Theme 2 has 3 sub-themes which present the perceptions of T2DM participants regarding their behavior and practices relating to their foot care and their perception of services provided at the SOPD clinic and foot care clinic at Rotuma Hospital.
Fatalistic self—practices. Two participants mentioned that at home they prefer to walk barefoot so that the soles of their feet are tough and won’t be able to get hurt easily by small rocks and sticks. If they wear shoes all the time, the soles of their feet would become soft and thin and more prone to injuries even by just a small stone.
“At home, I always try to walk barefoot so that my feet can be tough and the skin tough so that I don’t get cuts easily”. P10 (57 year old female)
Another participant explained that when she feels her legs numb, she knows it’s because of the cold and always soak her feet in warm water.
“Sometimes when my feet and leg gets numb, I always ask my grandchildren to get hot water for me to put my feet inside because that’s the cold that’s making my feet numb”. P20 (60 year old female)
Another participant explained that her grandmother always tells her that whenever she goes fishing and she gets small cuts on her leg or feet from the coral, she must immediately put kerosene on the cuts to prevent infection.
“Every time we go fishing in the reefs, I always get small cuts from stepping on the corals and my grandmother always tell us to soak a piece of cloth in kerosene and wipe the cuts with it so that’s what I usually do at home when I come back from reef fishing”. P 26 (58 year old female)

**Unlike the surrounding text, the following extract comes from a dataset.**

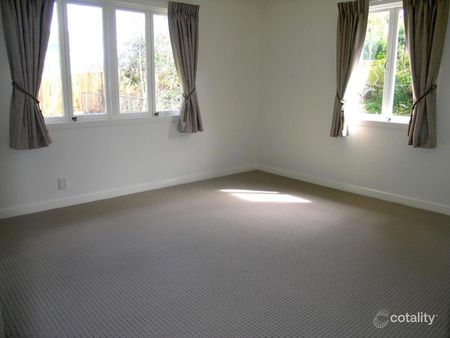 Renovated, Roomy & Ready - Family Living in the Heart of Coorparoo! - Photo 3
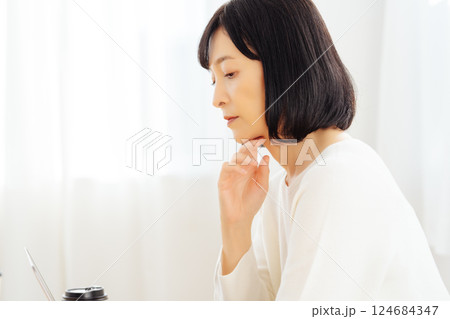 休日に急遽打合せをするミドルキャリアウーマン 休日に急遽打合せをするミドルキャリアウーマン 124684347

Another participant explained that whenever she washes her feet, she always uses a scrubbing brush and scrubs the soles of her feet:
“Every time I bath, I always hate that hard skin that forms on the soles of my feet so I always use a scrubbing brush to scrub out all those hard skins and sometimes I scrub so hard that blood starts to come out than I stop and wash it with soap”. P16 (40 year old female),
Two participants shared the influence they get from their close family members who have driven them to do health behavior that is not in-line with the advice from professional HCWs. One of them said that her husband has been advising her to stop taking all the pills from the hospitals as she can get poisoned and take herbal medicine instead.

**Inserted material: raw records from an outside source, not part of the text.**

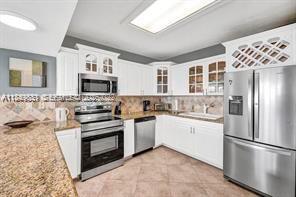 Building Photo - 3725 S Ocean Dr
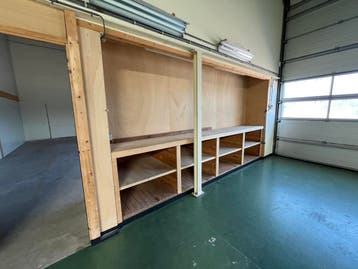 Mooie houten werkkast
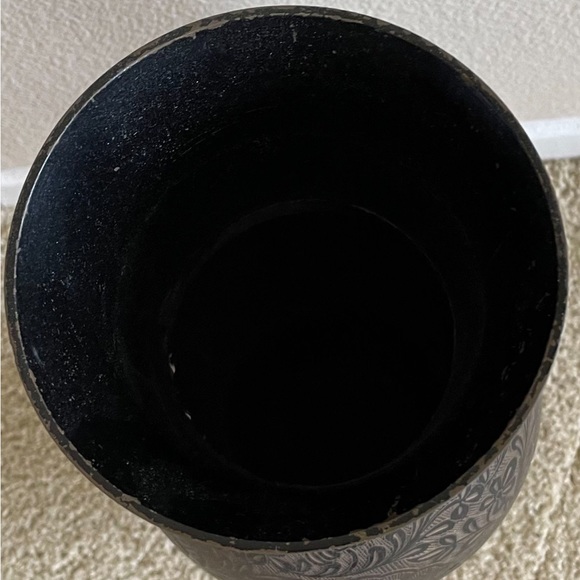 Antique vases and lanterns 3 piece set - Picture 2 of 10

“My husband has been telling me to stop taking the tablets from the hospital because it will poison me and is telling me to take the herbal medicine for my diabetes”. P26 (58 year old female)
SOPD clinic. Fifteen participants were satisfied and happy with the services offered to them at the SOPD clinic. They feel welcomed and relaxed whenever they come in for clinic.
“SOPD clinic is very nice and the staff nurse is always helpful and greets us well. There is a relaxed atmosphere around the SOPD clinic”. P18 (47 year old female)
Another participant highlighted the services provided by health care providers at the SOPD clinic were to her expectations.
“After the nurse took my blood pressure and checked my sugar, my height and weight were also checked and then I was referred to the doctor to see me. The doctor greeted me and asked how I was before he advised me on my blood pressure and sugar levels. I was also advised on eating healthy foods and take my medicine every day”. P21 (50 year old female)
However, two participants shared different sentiments to the ones above. One of them said that it is becoming boring for her to go to SOPD clinic every time with the same old routine and nothing exciting and new to see or learn.
“SOPD clinic is becoming boring for me but I have to because of my diabetes. Like every time, it’s the same thing over and over again, there is no exciting new thing to see or hear when I come for clinic. I’ll just come, take my pressure and sugar, ask about what I ate in the morning and then I wait for the doctor….same routine every time for clinics”. P19 (63 year old female)
The second participant shared a similar note saying that she feels lazy coming-up for clinics because it’s the same process over and over again.
“…there’s nothing new is SOPD, check the sugar, tell me if its high or low, ask about what I ate and my medications, refill my meds and that’s it… like sometimes I feel lazy coming for clinics because it’s so boring”. P25 (61 year old female)
Foot care clinic. 10 of the participants had never had a foot examination since they were diagnosed with T2DM. From these 10 participants, four have been living with T2DM for more than five years and six participants have been living with T2DM for less than 5 years.
“I was diagnosed with T2DM 3 year ago and since then, I have never had my feet checked by any of the staffs in the hospital”. P18 (47 year old female)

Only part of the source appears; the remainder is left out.